(CNN) - Not being in the picture at a Presidential bill signing is a move that may well speak a thousand words.
Standing alongside President Obama as he signed the bill extending the Bush-era tax cuts into law on Friday were several members of Congress including Senate Majority Whip Dick Durbin, D-Illinois, and Senate Minority Leader Mitch McConnell, R-Kentucky, among others.
Yet there were many members of the Democratic Caucus who were noticeably absent from the ceremony– Speaker of the House Nancy Pelosi, D-California, Senate Majority Leader Harry Reid, D-Nevada, and House Majority Leader Steny Hoyer, D-Maryland, to name a few.
Rep. Chris Van Hollen, D-Maryland, who will become the top Democrat on the House Budget Committee, also wasn't on stage with the president Friday. Van Hollen had been particularly critical of the estate tax provisions in the plan before the vote.
The tax plan was heralded by the White House as having a broad base of support, and did in fact pass in the Senate with a vote of 81-19 and in the House with a vote of 277-148.
President Obama was criticized by Democrats when the tax compromise was announced for veering towards Republican positions in a manner reminiscent of President Bill Clinton's "triangulation" following 1994 midterm loses.
Many Democrats now, especially liberal members of the House, openly disagreed with provisions in the deal the White House struck with Republican leaders.
"This is very difficult," Pelosi said of the deal. "Nobody wants taxes to go up for the middle class. We just don't see why we have to give an extra tax cut to the wealthiest."
Even Durbin, who advocated for the plan to be passed, on Sunday indicated voting for the bill was a bitter pill for many Democrats to swallow.
"The one defining issue, the real difference between Democrats and Republicans in terms of economic justice – it appears this agreement doesn't honor what we think are the true values and principles of our party," Durbin said in an interview on CNN's "State of the Union."

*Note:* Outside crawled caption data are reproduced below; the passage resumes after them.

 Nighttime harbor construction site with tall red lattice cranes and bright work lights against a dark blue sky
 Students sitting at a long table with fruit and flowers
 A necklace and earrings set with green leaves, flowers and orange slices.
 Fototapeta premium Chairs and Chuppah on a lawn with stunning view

The package includes a two-year extension of the Bush-era tax cuts set to expire December 31. It also would extend unemployment benefits for 13 months, cut the payroll tax by 2 percentage points for a year, restore the estate tax at a lower level and continue a series of other tax breaks.
As for why the Democratic leadership was not at the signing, CNN's Chief Political Correspondent and host of "State of the Union" Candy Crowley, said the answer is simple.
"You don't want your picture up there with something you don't just believe in."